Texto: Rafhael Barbosa*. Revisão: Aline Silva. Imagens: Cobertura da 50º Festival de Brasília do Cinema Brasileiro *O repórter viajou a convite do festival
Cá chegamos a esse estranho quinto dia de competição no 50º Festival de Brasília do Cinema Brasileiro. Uma noite que começou até esperançosa com a exibição do curta-metragem paranaense “Tentei”, de Laís Melo. Idealizado por um coletivo formado majoritariamente por profissionais mulheres, o filme retrata uma situação que é, infelizmente, corriqueira no cotidiano delas: a violência sofrida pelas mãos dos próprios maridos.
Acompanhamos Glória, a protagonista de 34 anos, reunindo forças para prestar queixa contra o cônjuge. Ainda que tente ser educado, o escrivão que colhe o depoimento da mulher lança mão de procedimentos que agravam ainda mais a fragilidade da vítima. Uma maratona de constrangimento e exposição que, de certo modo, dá continuidade à violência sofrida no ambiente doméstico.

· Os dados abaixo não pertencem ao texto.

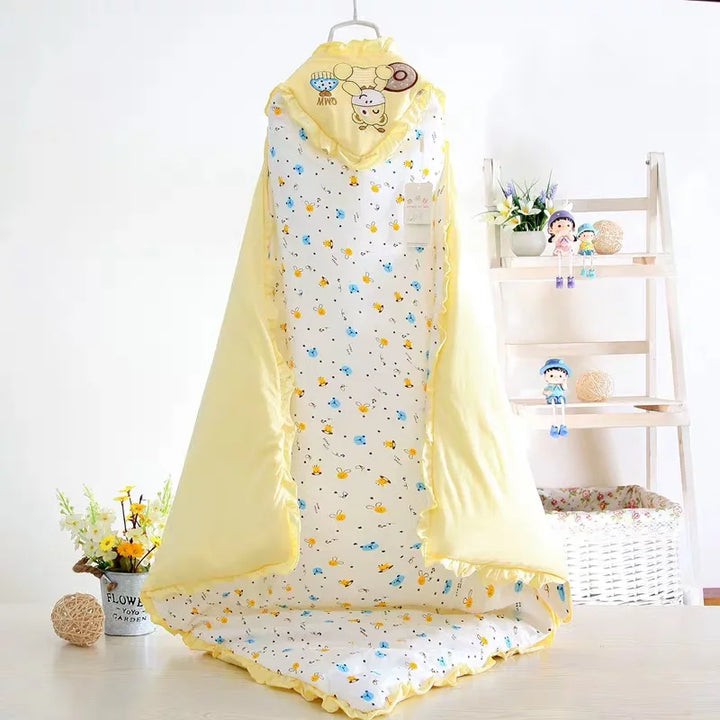 Cotton Newborn Sleepsack Baby Swaddle Blanket Wrap Hat Set Baby Receiving Blanket for Infant Boys Girls Baby Soft Comfy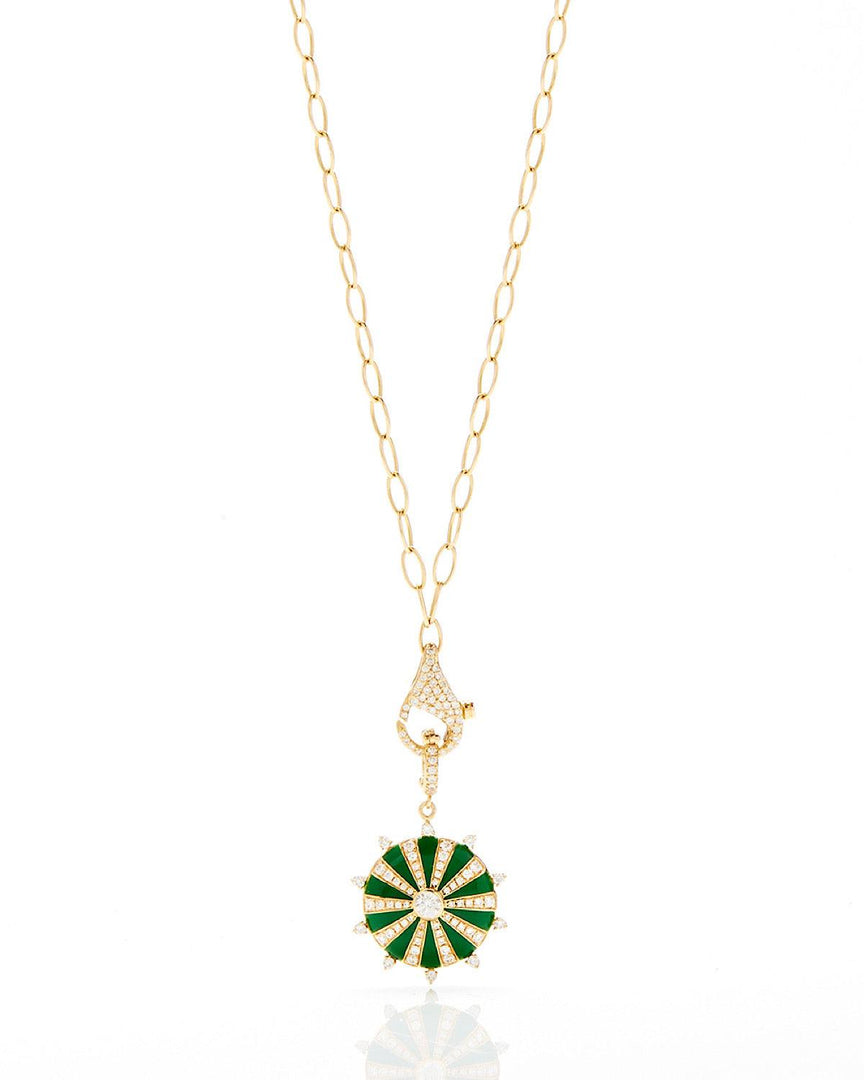 Large Mila Sun Pendant- Green Enamel, Diamonds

Construído do ponto de vista feminino, o registro é seco, direto e delicado. A história já começa após o abuso, evitando a tão combatida (especialmente nesta 50º edição do festival) glamourização da violência. A performance de Patrícia Saravy é o ponto alto do filme, encontrando o tom certo para representar a angústia da personagem, seja por meio do silêncio ou pela inevitável explosão. Não será surpresa se Saravy voltar para casa com um troféu Candango na bagagem.

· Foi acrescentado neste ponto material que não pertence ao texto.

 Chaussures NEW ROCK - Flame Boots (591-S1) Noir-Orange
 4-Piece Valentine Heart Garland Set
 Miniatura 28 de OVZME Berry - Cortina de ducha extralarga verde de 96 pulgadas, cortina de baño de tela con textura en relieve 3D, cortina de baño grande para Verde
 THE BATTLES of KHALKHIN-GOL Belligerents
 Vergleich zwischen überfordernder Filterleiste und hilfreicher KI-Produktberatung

Tem sido tendência nos últimos anos uma inclinação das curadorias para abrir espaço ao cinema realizado por mulheres, e esta edição do Festival de Brasília parece disposta a abraçar com ainda mais energia a intenção de corrigir uma distorção tão evidente quanto histórica.
O NÓ DO DIABO
Já a competitiva de longas apresentou seu momento mais desconfortável até aqui com a exibição da produção paraibana “O Nó do Diabo”, de Ramon Porto Mota, Gabriel Martins, Ian Abé e Jhésus Tribuzi. Concebido como uma série para a televisão, o projeto é dividido em cinco narrativas, cada uma ambientada em uma época distinta. Todas elas são inseridas no contexto da escravidão e seus resquícios. O veterano Fernando Teixeira interpreta variações de um mesmo personagem: um senhor de engenho que conecta todas as histórias, do século 17 ao tempo atual.

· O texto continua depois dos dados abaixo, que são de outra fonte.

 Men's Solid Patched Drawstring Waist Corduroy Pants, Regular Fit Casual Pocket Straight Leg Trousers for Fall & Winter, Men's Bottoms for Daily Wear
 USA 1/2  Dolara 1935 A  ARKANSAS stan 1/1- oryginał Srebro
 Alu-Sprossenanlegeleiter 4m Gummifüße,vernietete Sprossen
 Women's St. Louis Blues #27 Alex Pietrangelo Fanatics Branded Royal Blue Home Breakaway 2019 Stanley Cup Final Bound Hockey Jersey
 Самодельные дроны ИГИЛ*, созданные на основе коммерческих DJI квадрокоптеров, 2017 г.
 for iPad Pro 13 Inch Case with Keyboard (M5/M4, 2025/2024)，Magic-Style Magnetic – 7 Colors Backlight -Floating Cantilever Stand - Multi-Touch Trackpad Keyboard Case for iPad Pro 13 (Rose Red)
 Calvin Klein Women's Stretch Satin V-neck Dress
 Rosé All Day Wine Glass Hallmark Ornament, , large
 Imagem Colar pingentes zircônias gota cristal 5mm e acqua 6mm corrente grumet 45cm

A intenção é realizar um exercício de gênero, experimentando a linguagem do terror, para fazer uma crítica contundente à histórica opressão ao negro que ainda encontra fortes ecos nos dias de hoje.
Não que o excesso de violência seja um problema em si, especialmente num filme de terror, mas no caso de “O Nó do Diabo” a premissa se mostra assustadoramente equivocada. Um banho de sangue gratuito amparado pelos mais rasos clichês do gênero. Um roteiro amador que coloca ótimos atores como Zezé Mota e Fernando Teixeira em situações constrangedoras. Não há um personagem sequer que traga nuances para além do maniqueísmo.
O cinema de gênero tem ganhado cada vez mais fôlego no Brasil com o surgimento de diversos representantes nacionais nos últimos anos. Uma característica em comum entre a maioria deles tem sido a busca por encontrar caminhos autênticos ressignificando os códigos da gramática hegemônica norte-americana. Apenas o fato de situar seu espetáculo de carnificina num cenário histórico brasileiro não faz de “O Nó do Diabo” um olhar menos colonizado.